İstanbul’da pazartesi günü, bildiri dağıtmak isteyen 46 üniversite öğrencisi genç gözaltına alındı. Suriye’nin kuzeyindeki yurtlarında IŞİD kuşatması altında bulunan Kürt ve Arap çocuklarıyla dayanışmaya gitmek isterken 20 Temmuz 2015’te Suruç’ta katledilen 33 genci anmak için çağrı yapıyorlardı… Ayşe Beliz İnce, Gamze Toprak, Berkan Deveci, Yasemin Ebru Gürsoy, Merve Yeşilyurt, Ali Taha Sarıbıyık… Altı genç, İstanbul Sulh Ceza Hakimliği tarafından “kuvvetli suç şüphesi” gerekçesiyle tutuklandı.
Cihatçı terörün katlettiği 33 kişiyi anmak isteyen gençlerin tutuklanmasından bir hafta kadar önce şöyle bir haber okumuştuk: “IŞİD'in Türkiye'deki yöneticilerinden olduğu suçlamasıyla tutuklanan 'Ebu Hanzala' kod adlı Halis Bayancuk'un tahliye edildiği ortaya çıktı.”
Daha önce de şimdilerde Cumhur İttifakının ‘yasal’ ortağı haline gelmiş bulunan kontr-Hizbullah’ın, sayısız cinayetten sorumlu yöneticileri, neredeyse bir ittifak protokolü kapsamında tahliye edilmişti. 2014’ten itibaren pek çok kez gözaltına alınıp, tutuklanıp her defasında serbest bırakılan Ebu Hanzala’nın babası Hacı Bayancuk da 2001’de Hizbullah’a yönelik bir operasyonda silahlı çatışmanın ardından teslim olmuş, örgütün askeri kanat sorumlusu olduğu gerekçesiyle tutuklanmış ve avukatlığını şimdiki Hüda-Par’ın Genel Başkanı olan Zekeriya Yapıcoğlu yapmıştı. Hizbullah’ın Şura üyesi olan baba Bayancuk, Gaffar Okkan suikastı da dâhil pek çok kanlı olayın planlayıcısı olarak ömür boyu hapis cezasına çarptırmıştı.
Suruç Katliamı davasında ise yalnızca bir sanık cezalandırıldı. Son derece planlı ve organize bir saldırı olan bu katliamla ilgili yerel ya da ulusal ölçekte tek bir devlet görevlisi, emniyet ya da istihbarat memuru dahi yargılama kapsamına alınmadı.
IŞİD ve Hizbullah yöneticileri cezasızlık armağanıyla bir bir dışarı salınırken, bunların yol açtığı katliamların kurbanlarını anmak isteyenlerin bile cezaevlerine atılması basit bir ‘hukuksuzluk’ vakası değildir.

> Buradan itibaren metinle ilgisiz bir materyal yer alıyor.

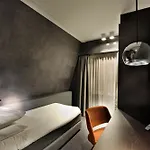 Отель Amsterdam Forest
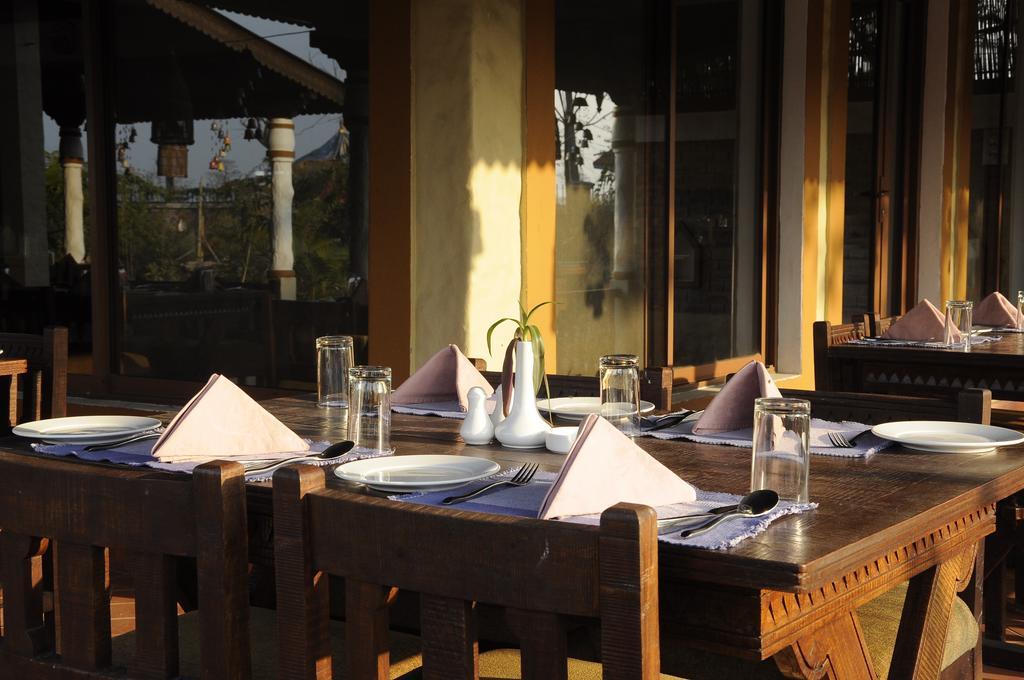 Green Park Chitwan Sauraha Exterior foto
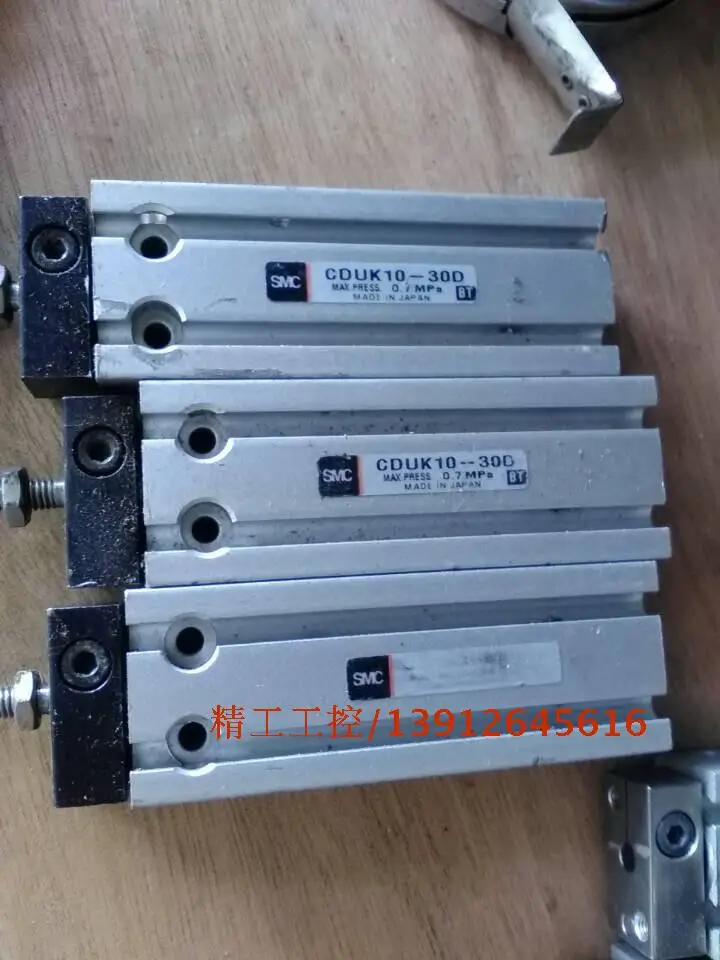 

[SA] SMC genuine free installation of the original cylinder CDUK10-30D spot 3 real shot --5pcs/lot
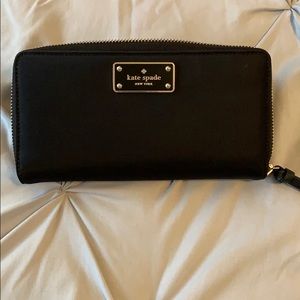 Black Kate Spade Wallet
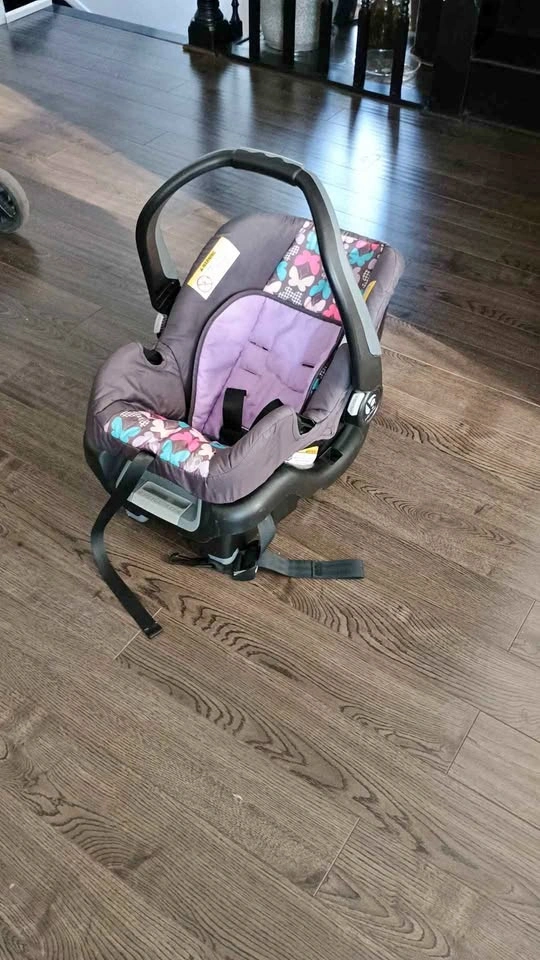 Baby Trend Car Seat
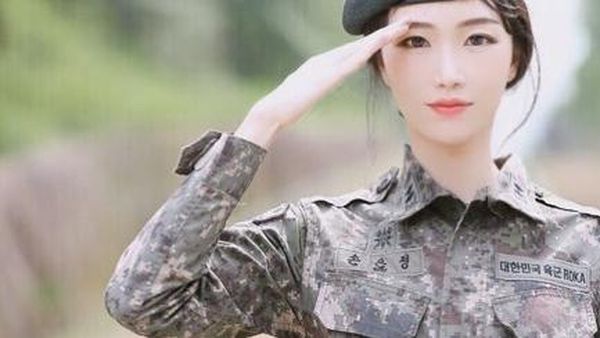 Foto: Berwajah Imut dan Cantik, Tentara Ini Populer di Instagram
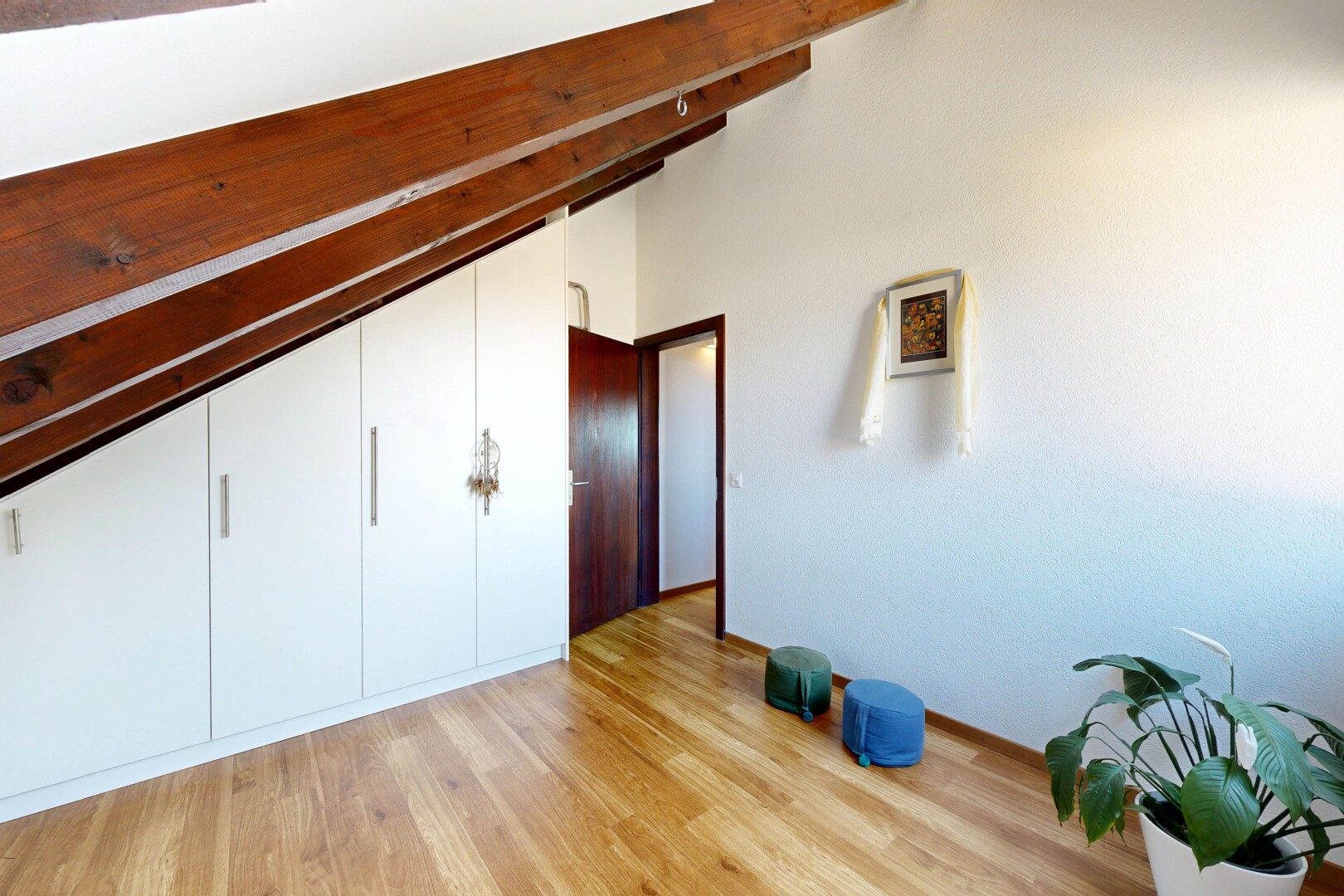 chambre avec plafond à poutres, beamed ceiling, sol en finition bois, wood finish floor, et cloison sèche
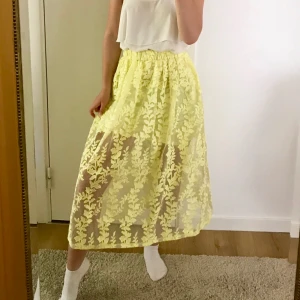  - Gul spetskjol inköpt från boohoo med prislappen kvar, aldrig använd. Finns att hämta i Linköping city eller skickas med frakt 40kr. (Betalning sker via Swish) 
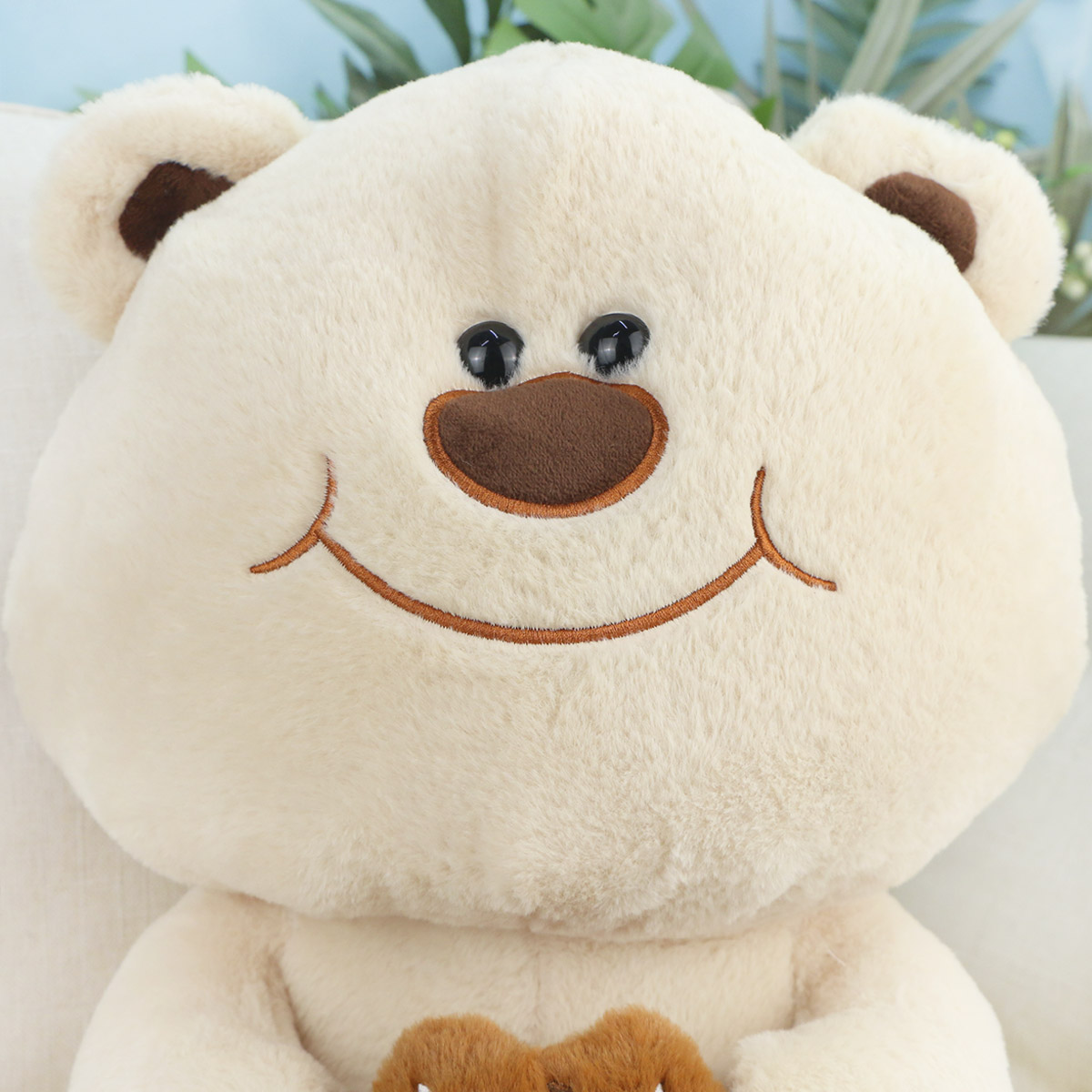 Медведь пухлый с печенькой, 40 см от plush.team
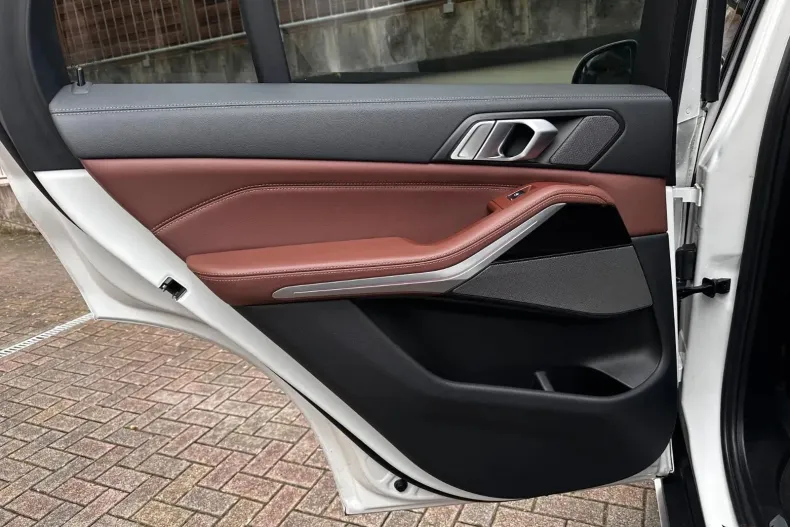 BMW X5 (Seria X) din 2022 cu 57.000 km - oferta BMW187276 - foto 25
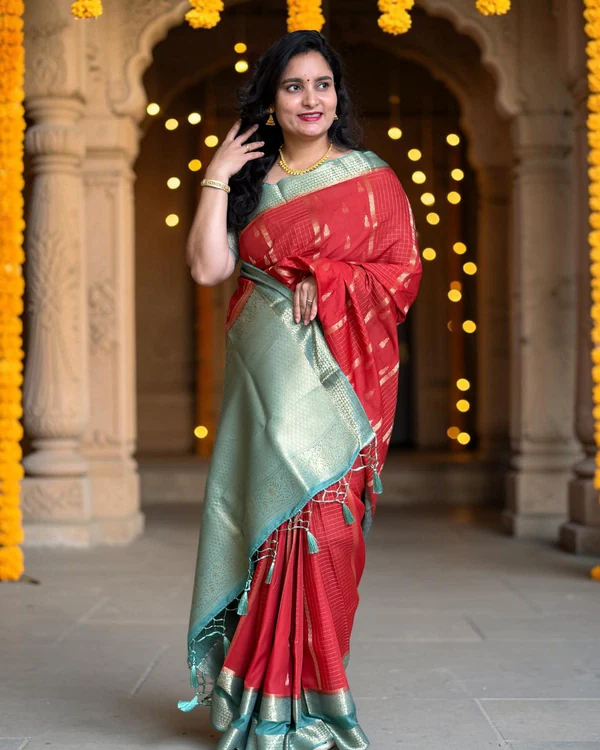Viscose Crepe Saree (Checks and Jumka Motifs)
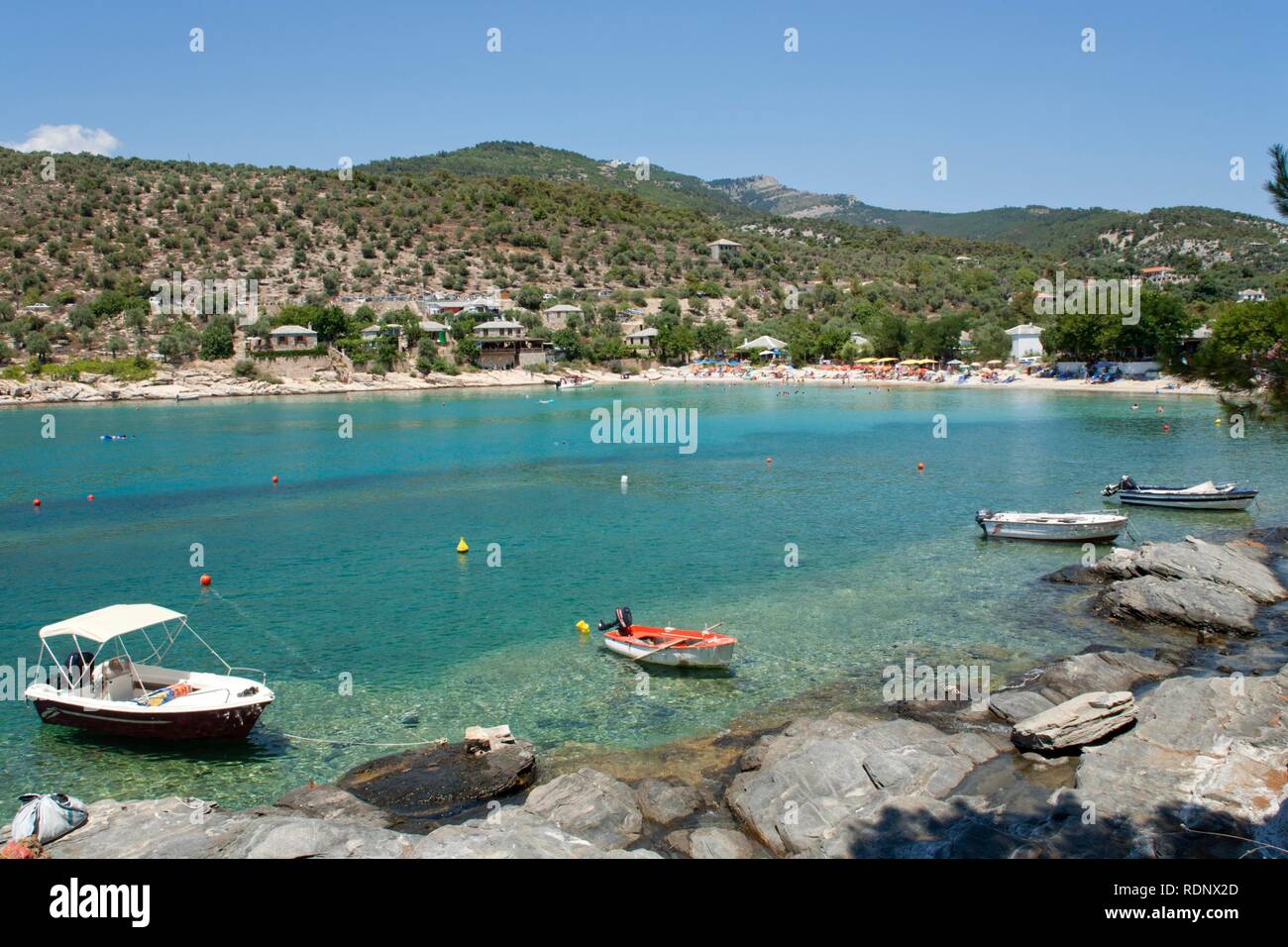 Barche in un'idilliaca baia vicino Alyki sull'isola di Thassos, Macedonia, Grecia, Europa Foto Stock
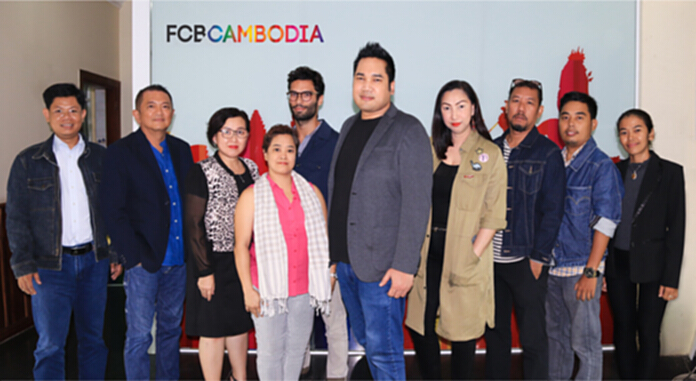 Prakit Holdings พร้อมตอบโจทย์ลูกค้า รุกตลาด AEC ด้วยประสบการณ์ กว่า 20 ปี ในตลาด Indochina Prakit Holdings พร้อมตอบโจทย์ลูกค้า รุกตลาด AEC ด้วยประสบการณ์ กว่า 20 ปี ในตลาด Indochina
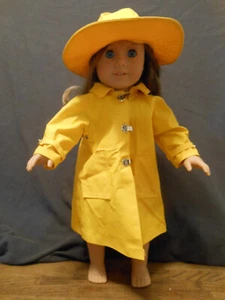 American Girl - gelber Regenmantel (PC 1997) mit passendem Regenhut - OHNE PUPPE - Bild 1 von 4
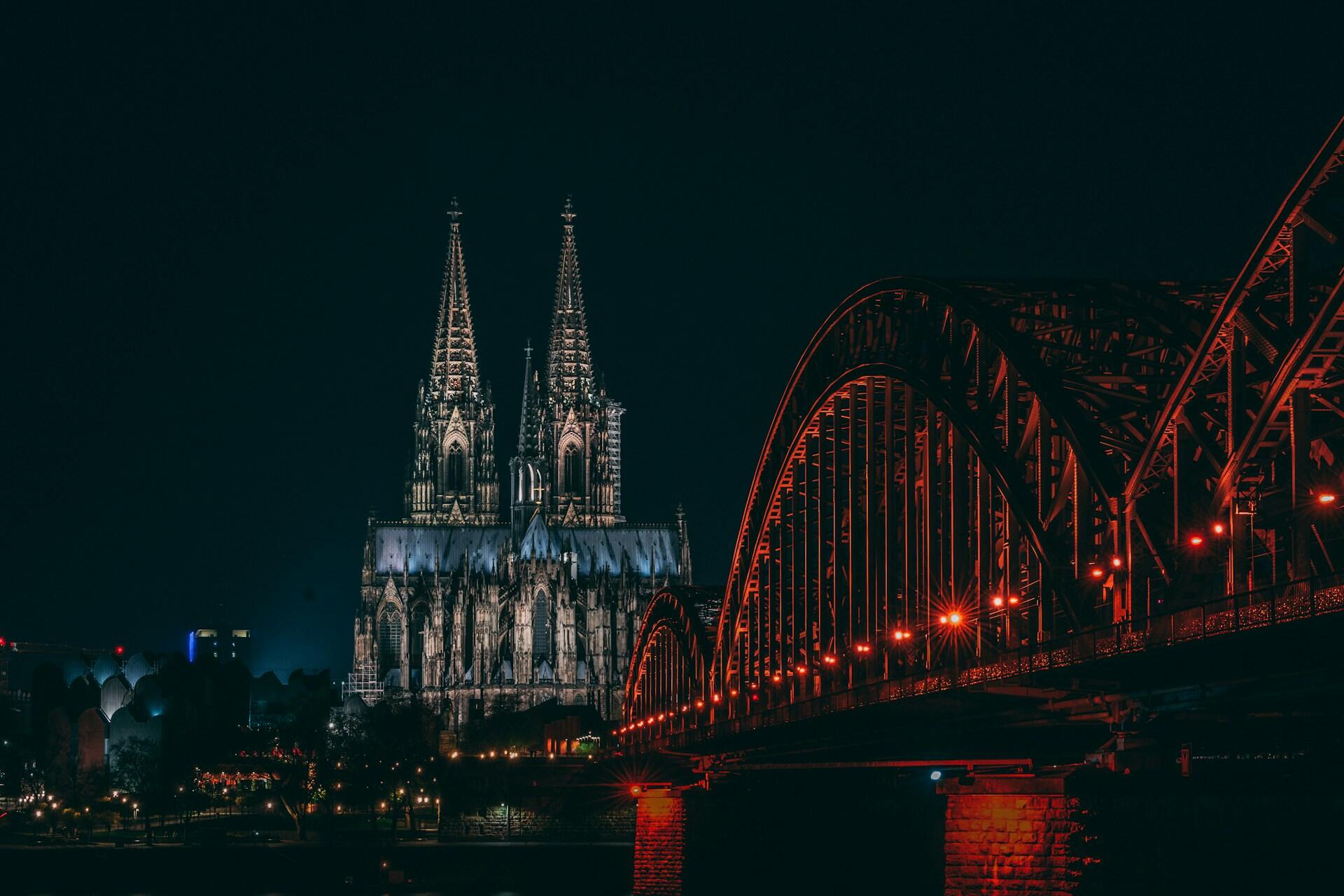Incredibile vista sul Duomo di Colonia, una delle città più belle della Germania.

Bir tür ‘yeni hukuk’, ‘yeni devlet’ vb. beyanının tekrarıdır. 20 Temmuz 2015’teki Suruç Katliamı, Türkiye için tarihsel bir eşiğin işaret fişeğiydi. 7 Haziran 2015 seçimlerini kaybeden AKP-Erdoğan ve bunların temsil ettiği güçler, egemen sınıflar ve bürokraside yeni ittifaklar kurmaya yönelmiş, rejim inşasını sürdürebilmek için buna mecbur kalmıştı. İşte Suruç Katliamı, bu ‘yeni dönem’ kapısını, kanlı ve kirli bir şekilde ardına kadar açan, kendinden sonraki şiddet dalgasını tetikleyerek ülkeyi bir kargaşaya, sürekli olağanüstü hal durumuna sürükleyen, böylelikle de Türk-İslamcı politik ittifakın, başkanlık sistemi de dâhil kapsamlı amaçları için elverişli ortam yaratan bir ‘eşik’ti. Sermayenin oldukça geniş bir kesimi de 2013’teki siyasal krizler sonrası bu dönemde yeniden uzlaşma zeminine katıldı.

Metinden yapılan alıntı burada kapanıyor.